The fact is, regardless of where a city or a province decides to look for money and talent, it takes an almost unimaginable convergence of interests to make a head office move of any size feasible. Many of you will remember the hand-wringing and the cries of wrong-doing that accompanied the decision of both Esso and TCPL to exit Toronto and move their head offices to Calgary. Two major energy companies were essentially marooned in central Canada, away from both peers and infrastructure. And one of the main reasons for having delayed the decision for so long was the people. For entrenched central Canadians, you don’t move FROM Toronto, you move TO Toronto. Nothing else was even thinkable, but the unthinkable happened, and it made sense. It made business sense!
The petty squabbles of two provincial politicians, or any promises they might make, would not have made a lick of difference to the outcome once the decision was made at the board level. It’s not that a company is above accepting an incentive if it’s offered, but it would not factor in any final decision.
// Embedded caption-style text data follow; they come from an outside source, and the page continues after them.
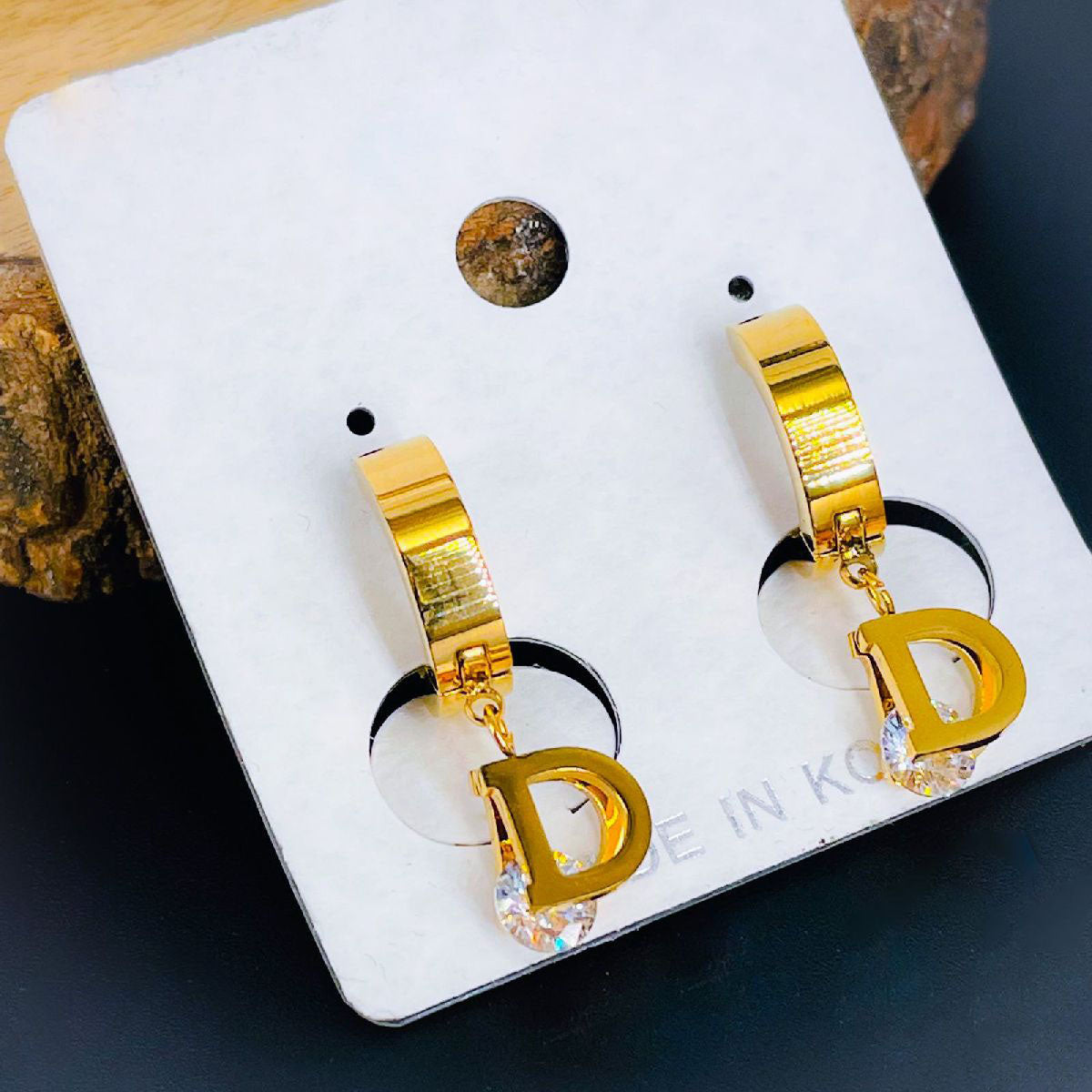Letter D CZ Rose Gold Stainless Steel Hoop Drop Earring Bulk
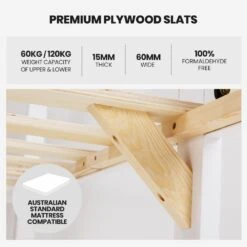 Kids Wooden Convertible Bunk Bed (Can Convert To 2 Singles) - White -Home Luxe Store V219 BEDSBBKS02WA 73762 02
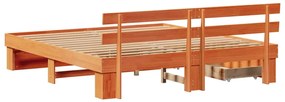 Estrutura da Cama Castanho-mel 180 x 200 cm Madeira Sólida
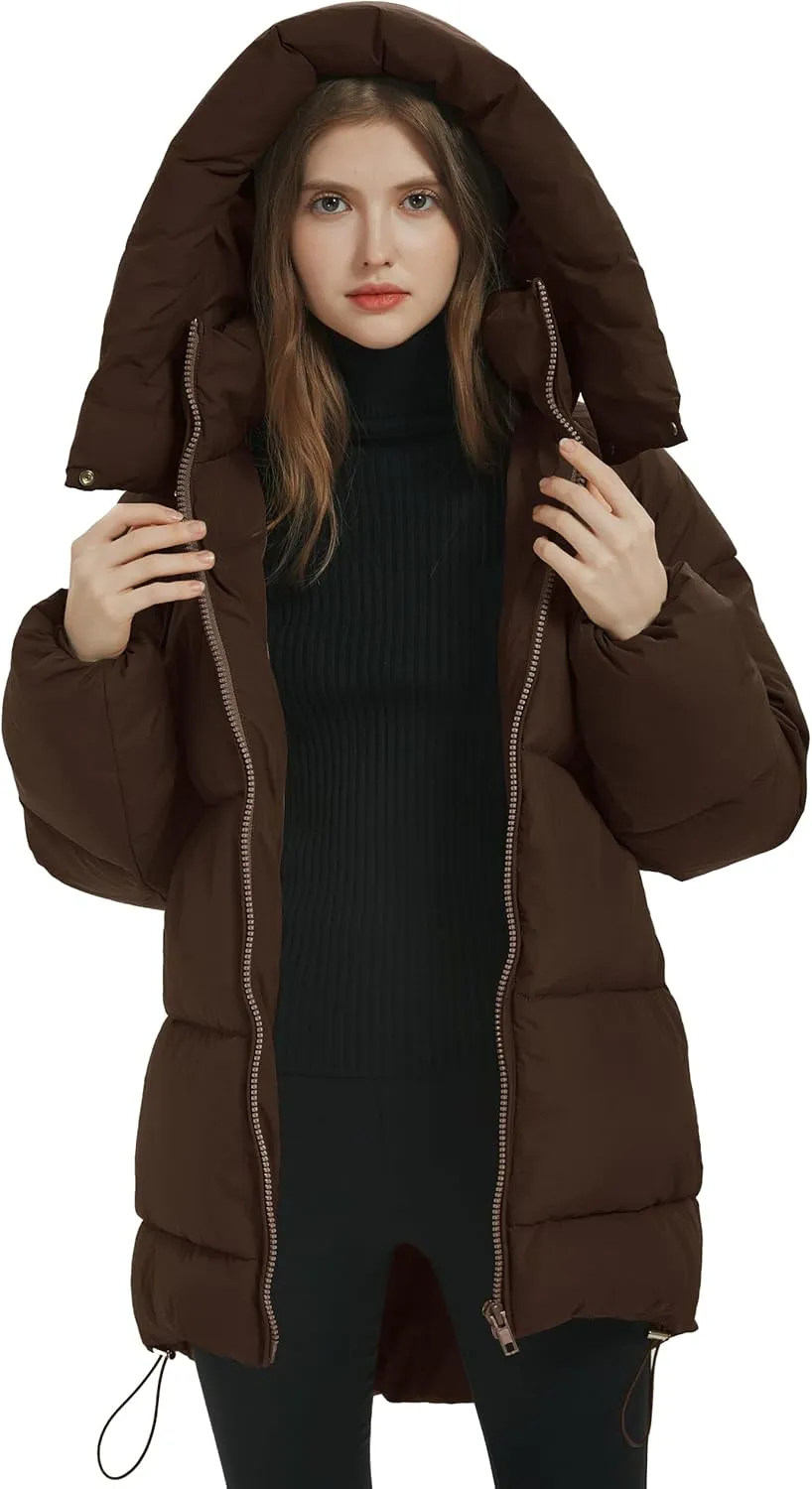 Kissonic Women's Warm Winter Coat Hooded Puffer Jacket Full Zip Long Puffer Coat with Pockets
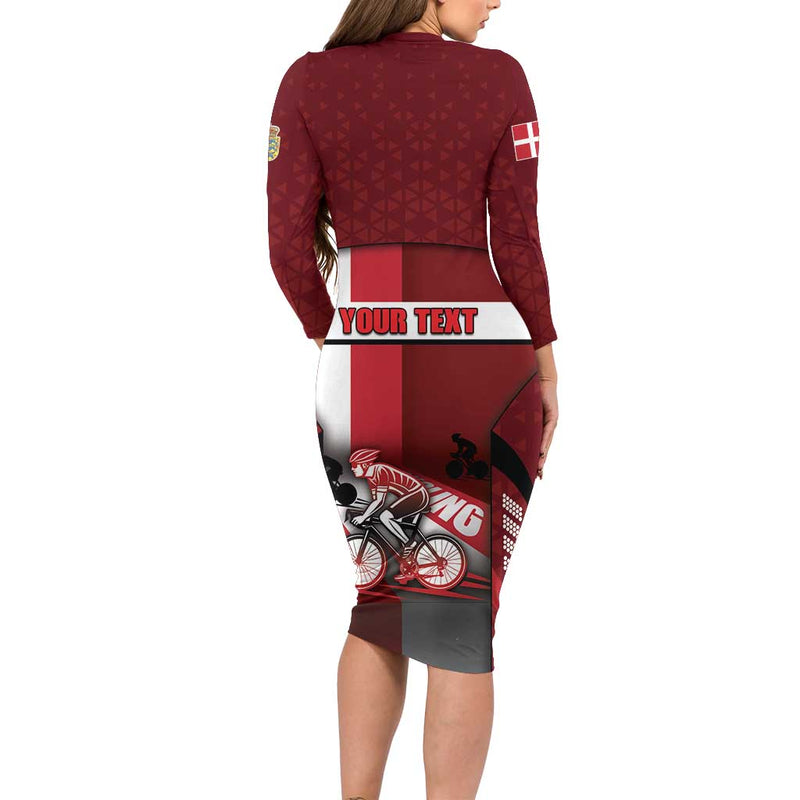 Denmark Cycling Sporty Style Red Long Sleeve Bodycon Dress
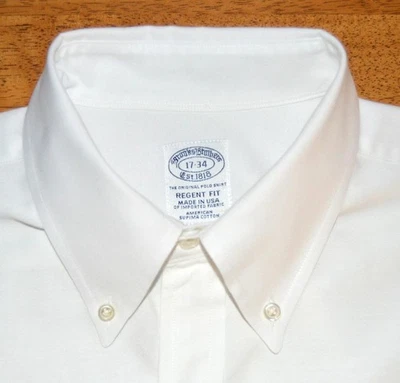 *USA* Brooks Brothers 1818 Regent Fit 17 34 OCBD white oxford cloth shirt w1j8 - Image 1 of 4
Rather than squabbling over who should have who’s head office, why can’t provincial politicians, like Notley and Wall, sit down and move toward a comprehensive plan on interprovincial cooperation, all aimed at reducing barriers to the free movement of goods between the provinces?
I have one or two little examples of the restricted, or taxed movement of goods from one province to another. I once bought four Manitoba manufactured boats in Calgary, and had the temerity to transport them into Saskatchewan, the ultimate destination being a particular northern river system. Just outside Kindersley, I was stopped by two gentlemen in brown uniforms in an unmarked but official looking car, and I was told, after I explained the provenance of the boats, that I needed to pay a tax to bring these boats into Saskatchewan. I didn’t even know these guys existed, but they were real enough, and so was the money I paid. These kinds of punitive tariffs should be removed to the benefit of all businesses.
The one that looms largest with me though, is when I return from Saskatchewan to Alberta. My favourite beer is Bohemian, and we happy few know that you can only buy the magic brew in Saskatchewan. I always feel like Prohibition-era gangster when I take more than a 12 back into Alberta. I take pains to hide the cases, as I know I could once again be subject to a tariff if stopped and my guilty look is traced to its source.
And so, my suggestion is this- why don’t Notley and Wall meet in an undisclosed location, crack a case of Boh, and work out once and for all a framework for true cooperation, and not competition, between provinces.
I’ll even provide the first case.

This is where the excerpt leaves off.